I was delighted to attend the Parnell Summer School recently. At the Summer School I gave a speech on the echoes of 1916 and patriotism in the modern era. Below is a transcript of that speech.
Nationalism cannot become the sole preserve of an exclusionary, closed borders rhetoric. A positive force for national self-confidence and assertion of fraternity; a recognition that between the models of material individualism and xenophobic supremacy lies a third way.
Communitarian, egalitarian and continually evolving, true patriotism embraces diversity and recognises the nation as a state of mind and cultural connections as much as a physical entity bound by borders and barriers.
The progressive and open nationalism of the Catalans, the Scottish and indeed the Irish must be championed and distinguished from the narrow and often false flag patriotism of the new cheer leaders and charlatans of the 21st century.
The new divide is not left v right but open v closed societies.
Perhaps “Patriotism is the last refuge of the scoundrel” – it is certainly frequently invoked as a flag of convenience and a rallying point for many other things.
If we look across the water at our brave Brexiteers – we saw the peculiar invocation of English national pride as a mechanism to unwittingly prise apart not only a United Europe but quite possibly the United Kingdom.

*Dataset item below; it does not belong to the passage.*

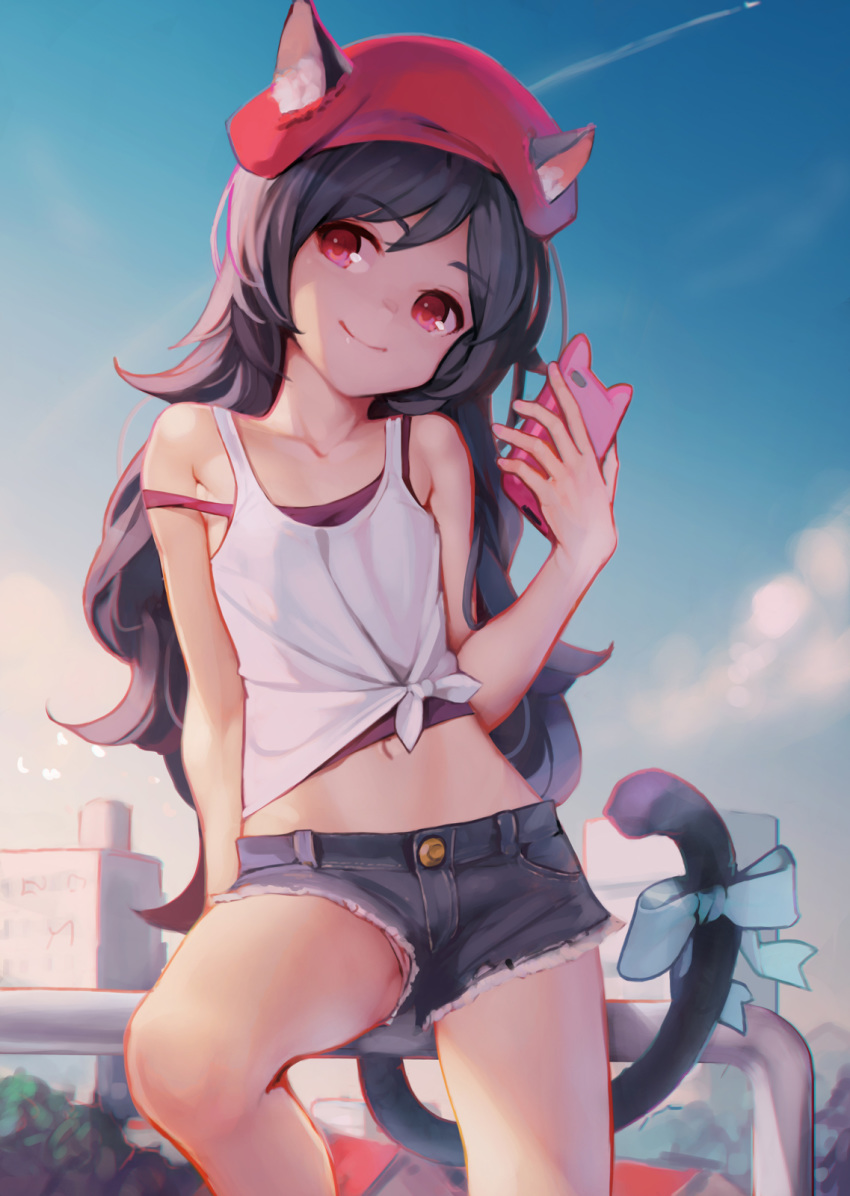 animal_ear_fluff animal_ears ataruman black_hair blue_ribbon blue_sky cat_ears cat_tail cellphone cloud commentary_request condensation_trail contrapposto cowboy_shot cutoffs day ears_through_headwear eyebrows_visible_through_hair hat head_tilt highres long_hair looking_at_viewer luna_skylark midriff navel outdoors panties panty_peek phone red_eyes ribbon shirt short_shorts shorts sitting sky smile solo strap_slip tail tail_ribbon tank_top tied_shirt underwear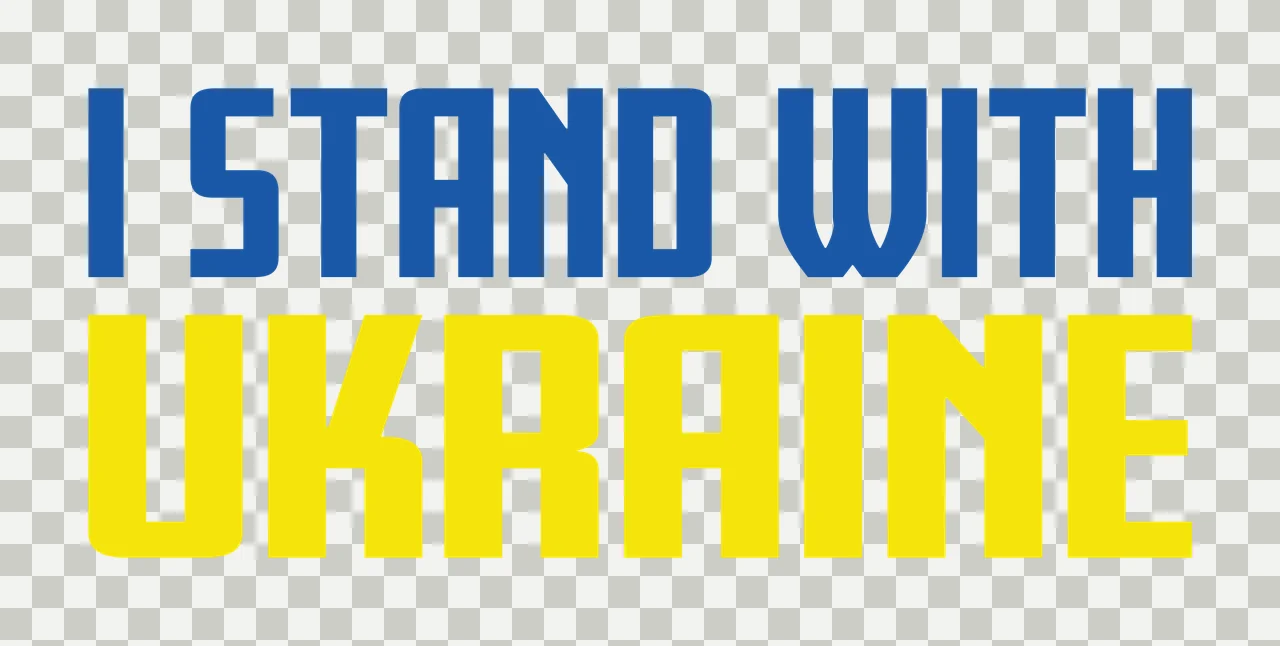 I Stand With Ukraine Text Graphic In Bold typographic black transparency and detail preview thumbnail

The rose tinted glasses of that halcyon, bygone age were actually chronically out of focus as England as a separate nation state has never really existed barring two brief periods in history. And that same empire of Boadicea and Queen Victoria was a product of Scottish invention, Welsh industry and Irish energies, as much as anything from the flag of St. George.
Across the bigger pond we see similar calling cries, “Make America Great Again” is now trumpeted from the grand old party, or at least will be for another few months.
What exactly is the golden age which is being summoned up by these cries?
Delegates attending the recent Republican conference were unable to answer this question when asked by CNN. Was it the days of racial segregation? The days when slavery was normal? The days of the cold war? The great depression?
Is it possible that today’s putative independence movements, these agents of nostalgia, are actually substitutes for a greater gap, which they cannot or will not articulate?
Technology, automation, globalisation and the shift in jobs overseas, these all combine to the greatest period of insecurity the west has ever seen. The middle class has greatly expanded but no longer enjoys security. When a good education and a solid work ethic may no longer be enough, this represents a failure of the entire Western dream. Home ownership, permanent employment, the financial means to start and raise a family – these staples are all under threat and no longer guaranteed, and with that, the centre begins to crumble. And if the centre cannot hold, then the falcon will seek a new falconer.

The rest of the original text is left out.